3.5. On-Line Fault Diagnosis Algorithm Flow
Static models of fault diagnosis are given above. In practical applications, calibrate can convert the static model into a dynamic model. Calibration is based on the static model, and the steps are as follows: (a) combine the eigenvalues of historical data for different faults; (b) obtain various parameters through the non-linear least square principle; (c) acquire the data change law caused by faults suitable for the states of various components of different engineering cascade systems; (d) complete the calibration.
We acquire the on-line fault diagnosis of practical engineering by algorithms and calibration method above. The diagnosis steps in the sequence are fault detection and interference signal elimination, fault location, fault estimation, and separation.

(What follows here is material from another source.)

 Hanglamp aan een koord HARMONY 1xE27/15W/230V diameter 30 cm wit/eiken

Figure 3 represents the on-line calibration and diagnosis process.
5. Conclusions
In this study, we have taken the major and vice loop sensors of DWTLCCS as the analysis objects. The static models of system fault detection, location, estimation, and separation are established via historical data, which has characteristic information generated by the system operation. On balance, based on the data-driven method. We proposed the measurement to suppress disturbance, giving the calibration method and on-line fault diagnosis process. Experiments verified the effectiveness of the fault diagnosis method. The method is universal for single fault diagnosis of sensors in the cascade control system.

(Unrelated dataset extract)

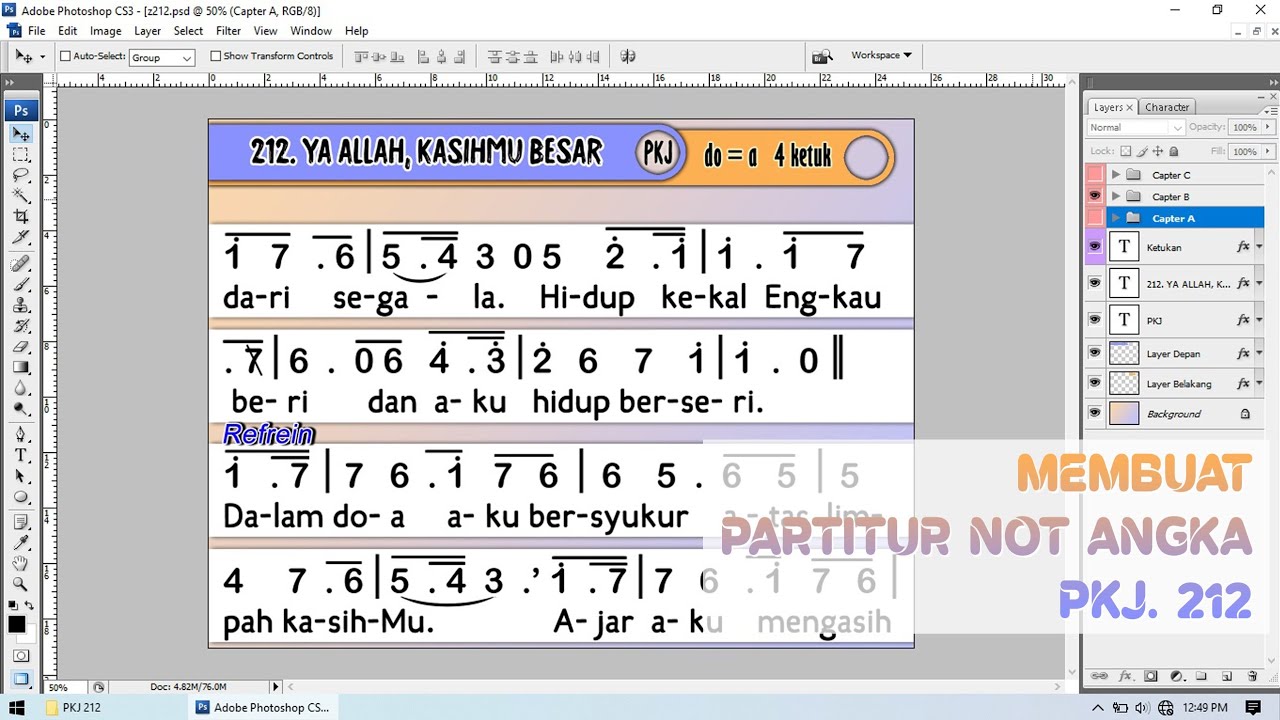 Partitur Not Angka PKJ 212: Ya Allah KasihMu Besar | Masinobe Tutorials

The traditional detection threshold is commonly determined based on the sum of residuals. A clear expectation value is required for this method. Since the vice loop of the cascade system is not the primary control object, and its controller plays the role of serving control and does not need to use integral control, which will generate the steady-state error. In such a case, the liquid level of the secondary has no definite expected value. Suppose calculated threshold value in the form of residual error sum will cause missed or false detection. The detection method we proposed reduces the missed detection rate and the amount of calculation, improving the detection accuracy simultaneously.
The detection threshold is determined according to the method put forward in this paper, and the actual system calibrates the on-line diagnosis model. To some extent, it has a certain inhibitory effect on noise, and higher detection accuracy is obtained. How to further suppress the disturbance effect is the future research focus.
Based on system dynamic characteristics and data mining methods, this study adopts the analytical geometry approach to modeling, fully utilizing data information. A precise mathematical model of the system is needless and analyzes the data generated by the system operation in real-time directly, avoiding the issue of modeling errors that depend on the mathematical model. Diagnosis is carried out in real-time, without an obvious delay problem.
During operation, considering the wear and tear of system components, regular calibration can be carried out to ensure the accuracy of diagnosis. In future work, we plan to investigate further how to enhance diagnosis precision.